But then you have the other end of the spectrum in which people are upset that their SO had sex with other people before they even met.
Is it weird that I might be on both spectrums? I sometimes get jealous about my wife having kissed another guy before we got together (we got together when we were 16) but was excited when somebody felt her ass while passing through a crowded restaurant. She was totally outraged when she told me about this, but my first reaction was "wow, that's hot!" (facepalm). She didn't speak to me for two weeks afterwards.

It's really strange, this hotwife thing. It seems different people get off on it for different reasons though. The bisexual thing doesn't resonate with me. I am trying to distill what it is exactly that might be hot about it. Rationally, it seems so very wrong on so many levels but it is as if this 'fantasy' or these thoughts are remnants from the distant primordial past (another male dominating your partner in front of you and the partner getting all ecstatic and you feeling totally helpless?).
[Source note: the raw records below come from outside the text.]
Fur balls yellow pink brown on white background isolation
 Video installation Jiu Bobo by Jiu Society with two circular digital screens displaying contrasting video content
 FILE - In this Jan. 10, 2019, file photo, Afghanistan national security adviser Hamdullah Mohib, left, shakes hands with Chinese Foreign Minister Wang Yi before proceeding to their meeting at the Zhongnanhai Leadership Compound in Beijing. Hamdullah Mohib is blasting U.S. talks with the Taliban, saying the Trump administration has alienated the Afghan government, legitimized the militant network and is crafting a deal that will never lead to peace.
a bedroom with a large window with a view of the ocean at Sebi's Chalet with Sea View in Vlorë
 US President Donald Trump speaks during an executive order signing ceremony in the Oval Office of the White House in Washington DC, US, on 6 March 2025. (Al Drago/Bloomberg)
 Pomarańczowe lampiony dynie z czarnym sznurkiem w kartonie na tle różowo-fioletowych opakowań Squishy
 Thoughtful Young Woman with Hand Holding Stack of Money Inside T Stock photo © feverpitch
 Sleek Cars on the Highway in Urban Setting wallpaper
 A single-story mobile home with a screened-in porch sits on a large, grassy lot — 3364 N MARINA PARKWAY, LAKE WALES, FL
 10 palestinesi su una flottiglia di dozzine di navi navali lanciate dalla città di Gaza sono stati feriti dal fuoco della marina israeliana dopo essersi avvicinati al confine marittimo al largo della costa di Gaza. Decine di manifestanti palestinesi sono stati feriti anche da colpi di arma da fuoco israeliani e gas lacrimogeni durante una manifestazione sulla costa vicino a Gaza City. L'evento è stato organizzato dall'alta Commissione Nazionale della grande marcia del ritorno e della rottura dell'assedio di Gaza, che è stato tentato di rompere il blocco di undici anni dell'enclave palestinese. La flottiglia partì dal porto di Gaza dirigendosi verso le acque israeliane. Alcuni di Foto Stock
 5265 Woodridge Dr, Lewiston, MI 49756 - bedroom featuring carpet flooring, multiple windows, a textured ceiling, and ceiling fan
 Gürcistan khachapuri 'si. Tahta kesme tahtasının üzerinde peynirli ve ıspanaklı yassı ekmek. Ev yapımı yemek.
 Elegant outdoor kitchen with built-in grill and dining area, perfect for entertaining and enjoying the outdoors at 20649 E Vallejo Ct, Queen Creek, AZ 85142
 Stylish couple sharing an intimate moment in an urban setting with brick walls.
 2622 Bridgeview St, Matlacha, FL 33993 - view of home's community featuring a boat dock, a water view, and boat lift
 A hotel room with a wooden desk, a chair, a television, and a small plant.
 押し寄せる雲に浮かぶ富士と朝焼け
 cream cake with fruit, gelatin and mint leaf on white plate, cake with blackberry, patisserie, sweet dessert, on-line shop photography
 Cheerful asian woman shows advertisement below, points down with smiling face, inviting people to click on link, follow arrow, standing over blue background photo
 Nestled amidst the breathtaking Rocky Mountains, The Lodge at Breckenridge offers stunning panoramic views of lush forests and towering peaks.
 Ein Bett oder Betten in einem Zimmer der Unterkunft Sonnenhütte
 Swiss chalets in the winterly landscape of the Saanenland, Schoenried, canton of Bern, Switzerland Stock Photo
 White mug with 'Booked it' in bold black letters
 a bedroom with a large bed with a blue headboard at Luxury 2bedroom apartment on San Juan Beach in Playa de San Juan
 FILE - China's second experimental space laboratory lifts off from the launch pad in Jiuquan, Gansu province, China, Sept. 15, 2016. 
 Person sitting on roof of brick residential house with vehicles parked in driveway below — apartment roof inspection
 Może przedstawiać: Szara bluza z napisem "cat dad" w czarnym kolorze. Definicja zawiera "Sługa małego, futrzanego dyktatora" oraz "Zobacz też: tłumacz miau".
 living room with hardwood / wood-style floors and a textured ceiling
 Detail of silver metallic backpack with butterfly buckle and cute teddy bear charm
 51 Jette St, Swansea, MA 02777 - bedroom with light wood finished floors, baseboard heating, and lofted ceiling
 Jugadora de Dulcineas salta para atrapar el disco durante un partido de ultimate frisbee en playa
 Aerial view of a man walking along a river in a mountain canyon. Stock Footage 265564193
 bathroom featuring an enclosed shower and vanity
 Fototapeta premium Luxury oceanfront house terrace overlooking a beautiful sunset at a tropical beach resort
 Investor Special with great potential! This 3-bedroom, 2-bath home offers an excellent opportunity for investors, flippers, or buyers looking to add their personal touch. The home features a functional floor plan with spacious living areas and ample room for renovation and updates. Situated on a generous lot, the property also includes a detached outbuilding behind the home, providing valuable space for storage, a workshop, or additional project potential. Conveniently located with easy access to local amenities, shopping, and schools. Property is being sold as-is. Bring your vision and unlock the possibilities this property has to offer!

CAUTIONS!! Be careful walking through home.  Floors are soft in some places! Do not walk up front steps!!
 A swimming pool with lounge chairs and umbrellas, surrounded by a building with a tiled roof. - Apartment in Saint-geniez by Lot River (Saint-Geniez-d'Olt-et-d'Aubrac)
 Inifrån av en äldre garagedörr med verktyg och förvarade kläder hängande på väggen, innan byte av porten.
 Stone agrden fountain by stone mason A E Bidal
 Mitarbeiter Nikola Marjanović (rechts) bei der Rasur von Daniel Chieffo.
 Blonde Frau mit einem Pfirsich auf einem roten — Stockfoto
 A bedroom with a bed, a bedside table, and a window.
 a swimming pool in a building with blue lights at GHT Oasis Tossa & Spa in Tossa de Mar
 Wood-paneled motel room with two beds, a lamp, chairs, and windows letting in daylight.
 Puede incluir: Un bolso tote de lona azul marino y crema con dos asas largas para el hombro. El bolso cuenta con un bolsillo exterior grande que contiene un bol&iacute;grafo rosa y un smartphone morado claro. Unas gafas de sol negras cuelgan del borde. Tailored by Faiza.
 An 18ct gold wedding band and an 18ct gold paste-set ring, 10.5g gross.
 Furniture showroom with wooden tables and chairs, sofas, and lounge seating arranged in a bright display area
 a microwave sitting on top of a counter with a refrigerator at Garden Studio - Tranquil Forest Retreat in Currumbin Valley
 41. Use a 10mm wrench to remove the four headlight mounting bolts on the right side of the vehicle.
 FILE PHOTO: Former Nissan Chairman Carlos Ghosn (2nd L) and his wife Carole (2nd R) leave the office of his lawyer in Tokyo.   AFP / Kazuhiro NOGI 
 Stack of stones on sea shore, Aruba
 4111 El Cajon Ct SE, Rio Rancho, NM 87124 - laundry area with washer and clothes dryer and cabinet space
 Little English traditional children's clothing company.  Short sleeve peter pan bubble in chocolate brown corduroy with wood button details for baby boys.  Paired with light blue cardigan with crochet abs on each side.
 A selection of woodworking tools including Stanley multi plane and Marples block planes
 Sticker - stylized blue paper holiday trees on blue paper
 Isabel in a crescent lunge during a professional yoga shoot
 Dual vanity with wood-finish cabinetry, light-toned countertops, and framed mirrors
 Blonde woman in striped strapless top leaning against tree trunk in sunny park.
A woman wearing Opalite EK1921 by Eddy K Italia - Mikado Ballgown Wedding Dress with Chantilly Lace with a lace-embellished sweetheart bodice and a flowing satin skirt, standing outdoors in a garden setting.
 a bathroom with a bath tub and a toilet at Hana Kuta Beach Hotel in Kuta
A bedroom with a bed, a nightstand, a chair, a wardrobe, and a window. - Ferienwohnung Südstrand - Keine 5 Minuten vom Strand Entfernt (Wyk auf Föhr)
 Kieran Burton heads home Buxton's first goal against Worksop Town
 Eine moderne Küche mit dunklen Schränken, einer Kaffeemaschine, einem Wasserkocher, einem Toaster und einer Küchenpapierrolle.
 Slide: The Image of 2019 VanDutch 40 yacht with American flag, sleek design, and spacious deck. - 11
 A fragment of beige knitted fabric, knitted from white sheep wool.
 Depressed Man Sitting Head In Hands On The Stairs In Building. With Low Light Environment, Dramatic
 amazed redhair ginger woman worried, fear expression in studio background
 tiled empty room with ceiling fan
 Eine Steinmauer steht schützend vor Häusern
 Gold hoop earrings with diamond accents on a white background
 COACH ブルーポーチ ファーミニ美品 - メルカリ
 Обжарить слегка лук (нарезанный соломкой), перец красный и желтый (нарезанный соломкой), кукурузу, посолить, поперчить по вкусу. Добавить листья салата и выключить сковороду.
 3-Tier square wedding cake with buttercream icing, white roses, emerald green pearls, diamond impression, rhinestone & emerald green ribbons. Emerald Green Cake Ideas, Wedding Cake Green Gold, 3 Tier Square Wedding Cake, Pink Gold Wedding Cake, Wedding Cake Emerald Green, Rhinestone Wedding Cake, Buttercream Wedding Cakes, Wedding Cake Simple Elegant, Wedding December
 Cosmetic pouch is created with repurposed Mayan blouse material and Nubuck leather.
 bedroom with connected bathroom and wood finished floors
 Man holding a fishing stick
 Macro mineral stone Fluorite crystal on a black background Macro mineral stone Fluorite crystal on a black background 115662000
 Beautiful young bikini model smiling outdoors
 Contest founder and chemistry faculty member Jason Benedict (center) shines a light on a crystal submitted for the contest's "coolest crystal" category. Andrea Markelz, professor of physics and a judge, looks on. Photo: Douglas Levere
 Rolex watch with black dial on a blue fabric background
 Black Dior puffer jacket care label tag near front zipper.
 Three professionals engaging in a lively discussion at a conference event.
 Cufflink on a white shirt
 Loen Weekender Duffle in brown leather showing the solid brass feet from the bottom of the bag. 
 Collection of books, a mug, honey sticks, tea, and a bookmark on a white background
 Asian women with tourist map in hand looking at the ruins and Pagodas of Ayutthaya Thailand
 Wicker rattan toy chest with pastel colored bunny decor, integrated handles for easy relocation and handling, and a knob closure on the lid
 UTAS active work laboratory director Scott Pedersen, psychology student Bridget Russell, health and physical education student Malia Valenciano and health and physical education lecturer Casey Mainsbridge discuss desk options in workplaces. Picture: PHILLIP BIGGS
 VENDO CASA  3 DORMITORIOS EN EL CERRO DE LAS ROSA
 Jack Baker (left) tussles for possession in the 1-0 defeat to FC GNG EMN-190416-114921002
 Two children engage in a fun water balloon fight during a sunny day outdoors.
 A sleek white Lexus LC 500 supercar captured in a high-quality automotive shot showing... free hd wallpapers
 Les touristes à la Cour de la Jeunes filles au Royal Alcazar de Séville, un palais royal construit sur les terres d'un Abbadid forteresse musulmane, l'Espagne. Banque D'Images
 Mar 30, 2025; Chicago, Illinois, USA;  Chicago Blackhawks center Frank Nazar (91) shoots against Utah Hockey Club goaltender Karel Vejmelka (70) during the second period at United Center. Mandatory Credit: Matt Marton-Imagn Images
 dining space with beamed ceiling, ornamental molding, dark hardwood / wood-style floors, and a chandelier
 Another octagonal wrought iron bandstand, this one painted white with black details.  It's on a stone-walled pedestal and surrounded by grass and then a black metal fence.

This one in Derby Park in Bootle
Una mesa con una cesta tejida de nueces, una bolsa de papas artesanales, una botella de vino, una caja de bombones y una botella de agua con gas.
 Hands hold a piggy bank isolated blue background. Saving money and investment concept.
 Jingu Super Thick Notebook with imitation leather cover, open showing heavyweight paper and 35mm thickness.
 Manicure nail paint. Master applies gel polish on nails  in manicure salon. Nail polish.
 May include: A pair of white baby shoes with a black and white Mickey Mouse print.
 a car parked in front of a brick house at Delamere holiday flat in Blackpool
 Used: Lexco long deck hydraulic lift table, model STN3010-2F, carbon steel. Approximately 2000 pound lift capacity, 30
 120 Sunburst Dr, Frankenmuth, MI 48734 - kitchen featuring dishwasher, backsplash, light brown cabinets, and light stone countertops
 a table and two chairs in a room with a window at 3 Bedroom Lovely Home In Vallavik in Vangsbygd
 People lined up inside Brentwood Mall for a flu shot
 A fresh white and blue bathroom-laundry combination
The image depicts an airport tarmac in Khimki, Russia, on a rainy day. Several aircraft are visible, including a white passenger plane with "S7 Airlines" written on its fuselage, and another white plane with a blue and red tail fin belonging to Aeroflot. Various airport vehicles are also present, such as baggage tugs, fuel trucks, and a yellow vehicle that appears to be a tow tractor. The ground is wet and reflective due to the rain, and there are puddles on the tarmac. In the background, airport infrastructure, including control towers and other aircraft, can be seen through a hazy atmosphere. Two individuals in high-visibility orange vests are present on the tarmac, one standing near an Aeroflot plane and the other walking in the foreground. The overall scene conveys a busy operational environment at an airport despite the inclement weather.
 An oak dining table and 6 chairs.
Perhaps it's some kind of mis-firing or wire mis-crossing? Where excruciating pain is mistaken for some kind of hotness?? I don't know.

I first noticed the thought creep in while watching porn occasionally: I got so bored from it at one time (when I wasn't getting any action due to wife having just given birth for the 3rd time etc) and started imagining my wife in those clips instead. It gave the experience a different dimension and felt "different"/exciting for a while. Then one night I asked her, jokingly, while giving her oral, if she could tell the difference if I left the room and came back to continue, but it turned out it was a friend of mine continuing giving her oral, instead of me? Would she mind that much? A tongue is a tongue etc...(One of the top ten things NOT to say to your wife during oral!).

It's weird. In all the scenarios in my head, the people don't have faces/personalities (except for my wife). As soon as I put a face to them, I am ready to hack them to pieces.
But there is definitely something in those thoughts; as in it is some kind of fetish. But I don't think I could ever go through with it in real life.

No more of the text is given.